Community: Matakana - A growing community

By Sophie Barclay

A community garden in Matakana celebrates the first harvest with the local school and celebrity chef Lauraine Jacobs.

A new community garden has been established by two hard working green thumbs an hour north of Auckland. The Matakana Community Garden was set up by locals Robin Barclay and permaculture guru Trish Allen (of Rainbow Valley Farm fame). Barclay and Allen crossed paths at a bee-keeping course last year and discovered that both had a dream to set up a garden of their own for the Matakana community.

In November last year, 40 keen community members showed up to the first working bee transforming the site behind the Community Hall from a weed-infested rubbish dump (complete with old bicycles, tires and rusty tins) to a raised garden bed with rich, healthy soils. Until last week, the garden was overrun with organic pumpkins - grown from seed that was donated by a local.

Barclay's background working with the Garden to Table programme in South Auckland, prompted her to work with local food enthusiast, super-mum and friend, Chelsea de Berry to get Matakana Primary School involved with the project.

The school doesn't currently have a garden, and, says de Berry, getting the school involved in the community garden was the logical next step in her quest to connect children with a better understanding of heath, nutrition and where food comes from.

De Berry and Barclay enlisted the help of well known chef Lauraine Jacobs who, last week, taught two keen classes of eight year olds whip up a tasty lasange and fritters - using pumpkin from the community garden and ingredients donated by the local Four Square.

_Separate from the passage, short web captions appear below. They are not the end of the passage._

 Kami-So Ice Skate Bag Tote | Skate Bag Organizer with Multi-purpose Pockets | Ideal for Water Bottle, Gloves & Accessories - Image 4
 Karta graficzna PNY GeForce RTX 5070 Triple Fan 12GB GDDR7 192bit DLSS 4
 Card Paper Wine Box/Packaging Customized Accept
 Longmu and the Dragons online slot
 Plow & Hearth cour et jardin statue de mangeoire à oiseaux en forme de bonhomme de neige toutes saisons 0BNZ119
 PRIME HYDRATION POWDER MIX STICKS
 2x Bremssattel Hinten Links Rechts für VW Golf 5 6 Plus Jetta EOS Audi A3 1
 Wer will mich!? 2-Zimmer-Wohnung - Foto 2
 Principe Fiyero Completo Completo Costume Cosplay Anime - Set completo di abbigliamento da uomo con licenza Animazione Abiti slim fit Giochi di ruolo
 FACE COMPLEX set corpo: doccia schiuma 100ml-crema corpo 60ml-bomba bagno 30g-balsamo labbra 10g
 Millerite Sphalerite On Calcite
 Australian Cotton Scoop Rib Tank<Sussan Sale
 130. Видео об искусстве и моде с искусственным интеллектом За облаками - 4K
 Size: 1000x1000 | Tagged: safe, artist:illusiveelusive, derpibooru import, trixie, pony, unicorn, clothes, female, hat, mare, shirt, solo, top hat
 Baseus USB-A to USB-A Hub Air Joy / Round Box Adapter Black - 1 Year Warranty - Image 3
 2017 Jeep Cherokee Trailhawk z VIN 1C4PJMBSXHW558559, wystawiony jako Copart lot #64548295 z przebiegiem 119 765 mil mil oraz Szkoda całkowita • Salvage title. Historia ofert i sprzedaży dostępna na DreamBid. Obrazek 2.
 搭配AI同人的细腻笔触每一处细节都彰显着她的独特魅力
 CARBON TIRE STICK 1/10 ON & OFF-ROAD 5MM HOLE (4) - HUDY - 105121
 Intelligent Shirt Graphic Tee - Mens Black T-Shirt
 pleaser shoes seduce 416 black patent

An extra lasange was made and given to a local family in need. Check out the recipes here.

Before the cooking class started, says de Berry, the children were asked how many of them liked pumpkin. Only a quarter of them raised their hands. The question was asked again after the feast and every single hand was raised.


Lauraine Jacobs and Robin Barclay in front of their harvest. Photo: Chelsea de Berry.

The following Saturday, some of the children set up a stall at the popular Matakana market selling the rest of the harvested pumpkin as a fundraiser for the community garden raising $350.

De Berry says that children are getting so excited about gardening that they want to start up the disused gardens at their own school. She says that she hopes the school will also continue to support the community garden. "The beauty of the community garden is that it's a community coming together. It doesn't take two parents to raise a child, it takes a community."

Barclay says that it is essential to teach the next generation about food and get them growing their own. "It's so important that people know where their food comes from and I want to help encourage them to eat locally and organic. We are lucky enough in New Zealand to have the opportunity and space to grow our own vegetables so we need to take advantage of it. "

It is hoped that eventually the community garden will become a hub for locals, offering composting and gardening lessons as well as a relaxing green space where members of the community can while away a sunny afternoon with friends or family.